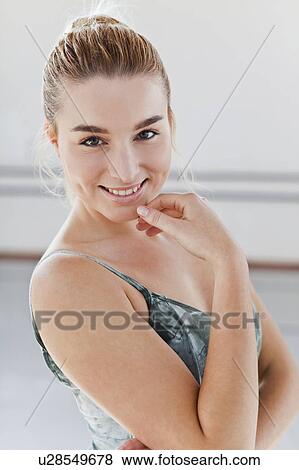 Smiling ballet dancer touching her chin View Large Photo Image Stock Photo - Smiling ballet dancer touching her chin. Fotosearch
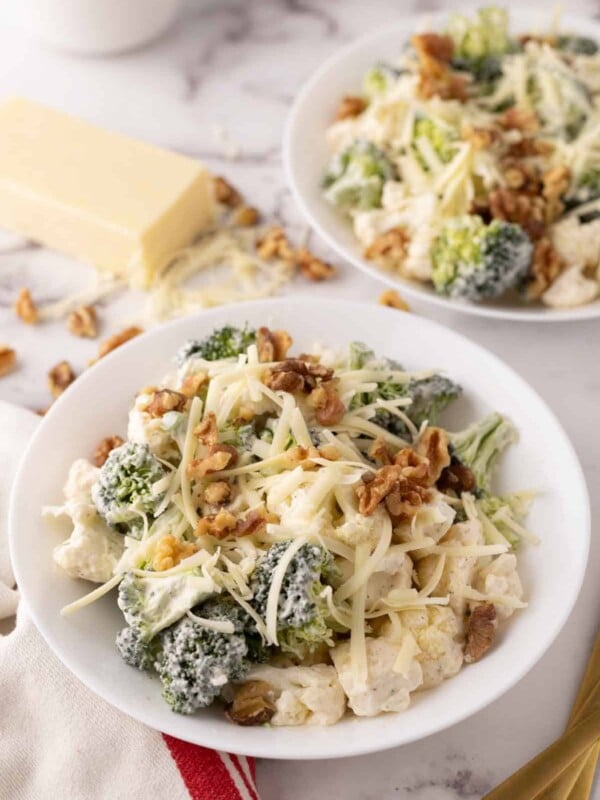 broccoli and cauliflower salad recipe with walnuts on white plates.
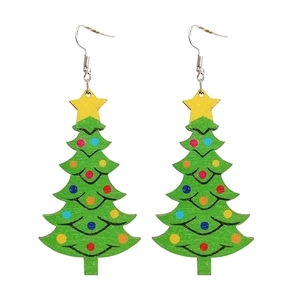 Christmas tree wooden earrings with colorful dots and yellow star on white background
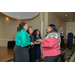 Conversations between 5 women taking place at the entrance of the event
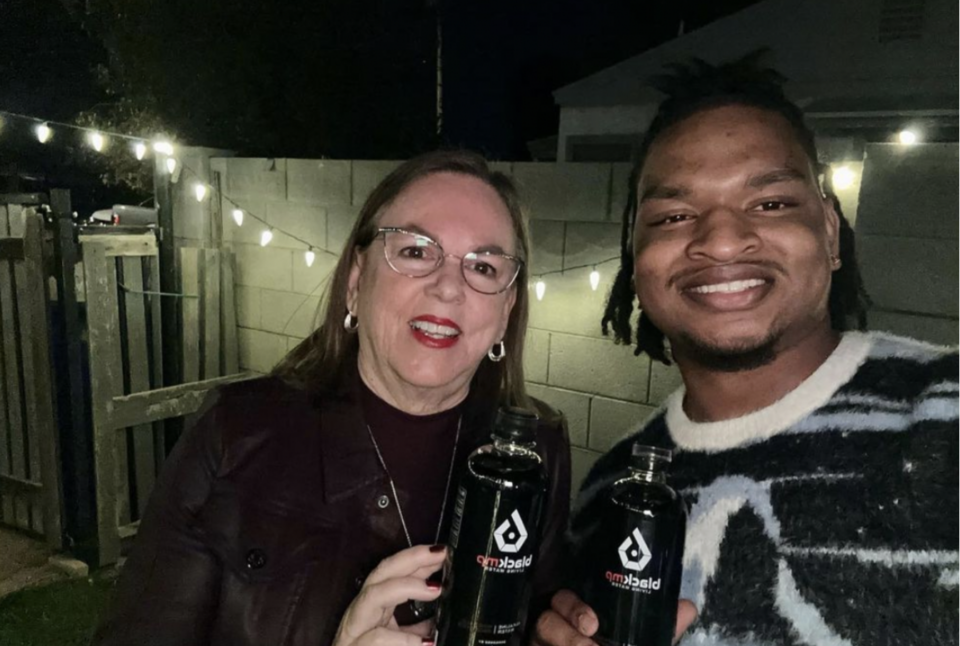 Wanda Dench and Jamal Hinton holding bottles of their black alkaline water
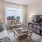 Spacious and well lit living room with wood floors and an open floor plan with access to the kitchen.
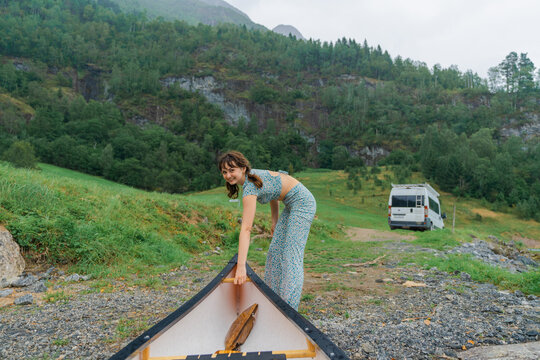 POV of woman getting canoe out of the water 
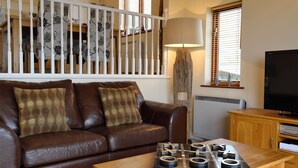 A living room with a brown leather sofa, a wooden coffee table, a lamp, and a television. - 1 bedroom accommodation in Llanaber, near Barmouth (Llanaber, near Barmouth)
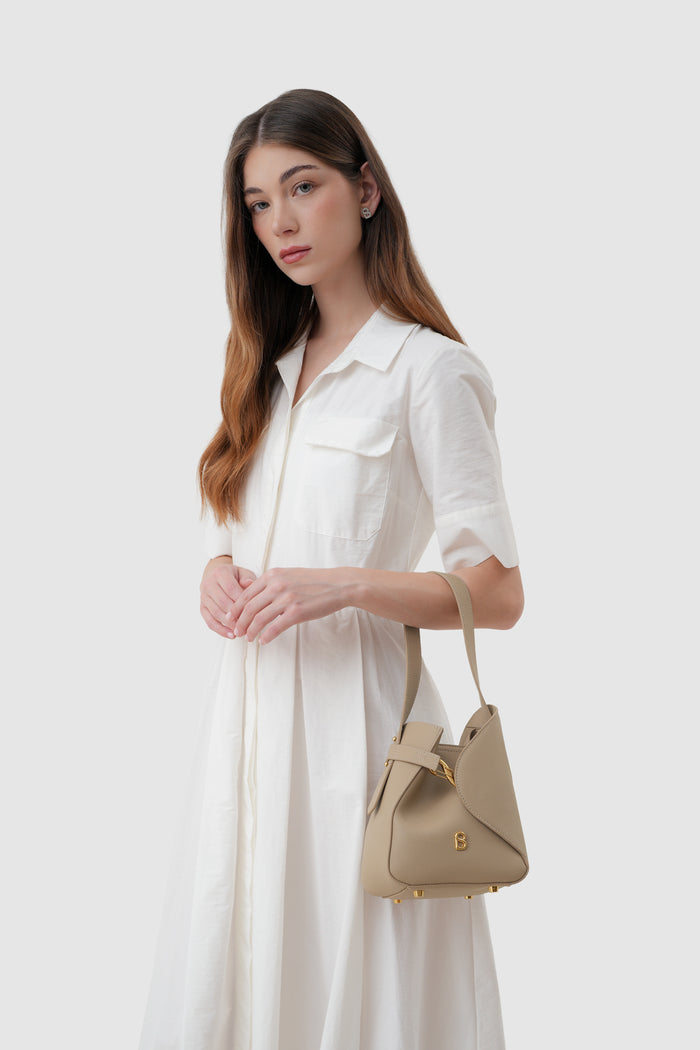 britney bag small with saffiano leather in clay by buttonscarves carried on wrist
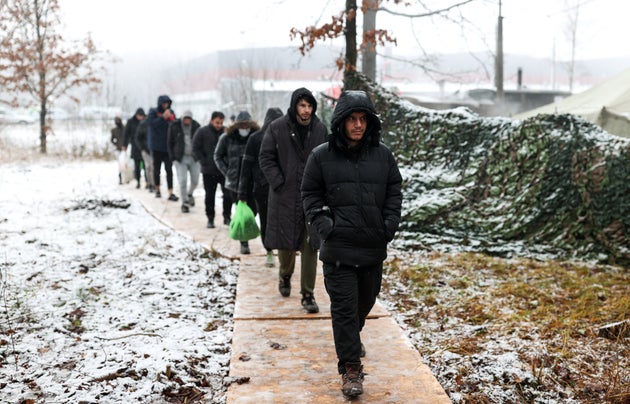 GRODNO REGION, BELARUS  NOVEMBER 27, 2021: Migrants near the Bruzgi transport and logistics centre on the Belarusian-Polish border. The migrant crisis on the border of Belarus with Poland, Lithuania, and Latvia escalated on November 8. Several thousand migrants have approached the Belarusian-Polish border and set up a tent camp there. Sergei Bobylev/TASS (Photo by Sergei Bobylev\TASS via Getty Images)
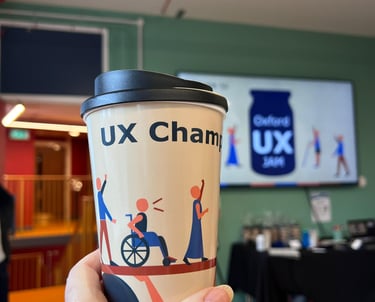 A reusable coffee cup featuring inclusive UX design illustrations at an Oxford UX Jam workshop event.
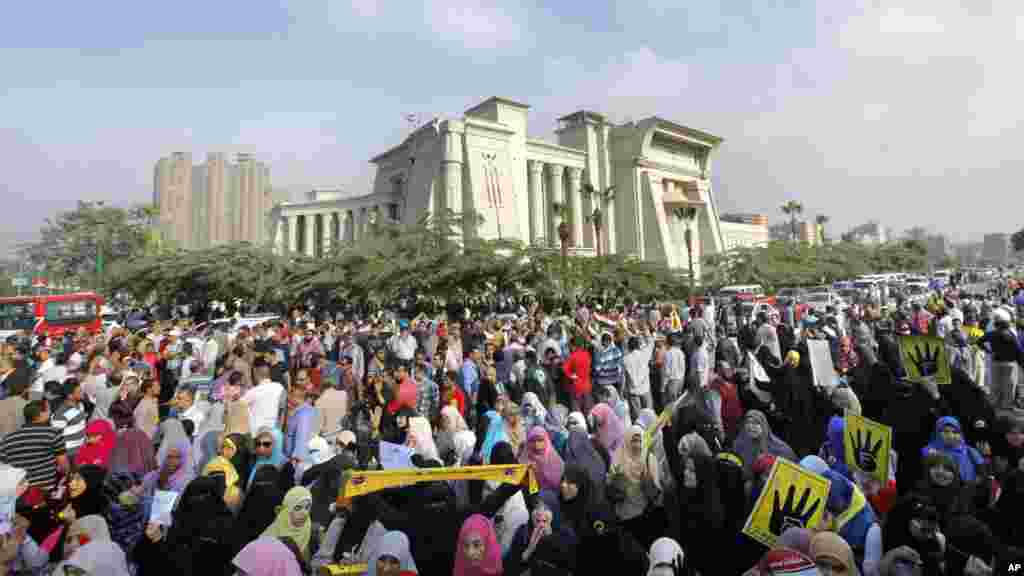 Supporters of Egypt's ousted President Mohammed Morsi protest Morsi's trial in front of the supreme constitutional court in Cairo, Egypt, Nov. 4, 2013.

____________

Problem description:
With the images omitted, repeat all the data word for word.

Task solution:
 Smiling ballet dancer touching her chin View Large Photo Image Stock Photo - Smiling ballet dancer touching her chin. Fotosearch
 broccoli and cauliflower salad recipe with walnuts on white plates.
 Christmas tree wooden earrings with colorful dots and yellow star on white background
 Conversations between 5 women taking place at the entrance of the event
 Wanda Dench and Jamal Hinton holding bottles of their black alkaline water
 Spacious and well lit living room with wood floors and an open floor plan with access to the kitchen.
 POV of woman getting canoe out of the water 
 A living room with a brown leather sofa, a wooden coffee table, a lamp, and a television. - 1 bedroom accommodation in Llanaber, near Barmouth (Llanaber, near Barmouth)
 britney bag small with saffiano leather in clay by buttonscarves carried on wrist
 GRODNO REGION, BELARUS  NOVEMBER 27, 2021: Migrants near the Bruzgi transport and logistics centre on the Belarusian-Polish border. The migrant crisis on the border of Belarus with Poland, Lithuania, and Latvia escalated on November 8. Several thousand migrants have approached the Belarusian-Polish border and set up a tent camp there. Sergei Bobylev/TASS (Photo by Sergei Bobylev\TASS via Getty Images)
 A reusable coffee cup featuring inclusive UX design illustrations at an Oxford UX Jam workshop event.
 Supporters of Egypt's ousted President Mohammed Morsi protest Morsi's trial in front of the supreme constitutional court in Cairo, Egypt, Nov. 4, 2013.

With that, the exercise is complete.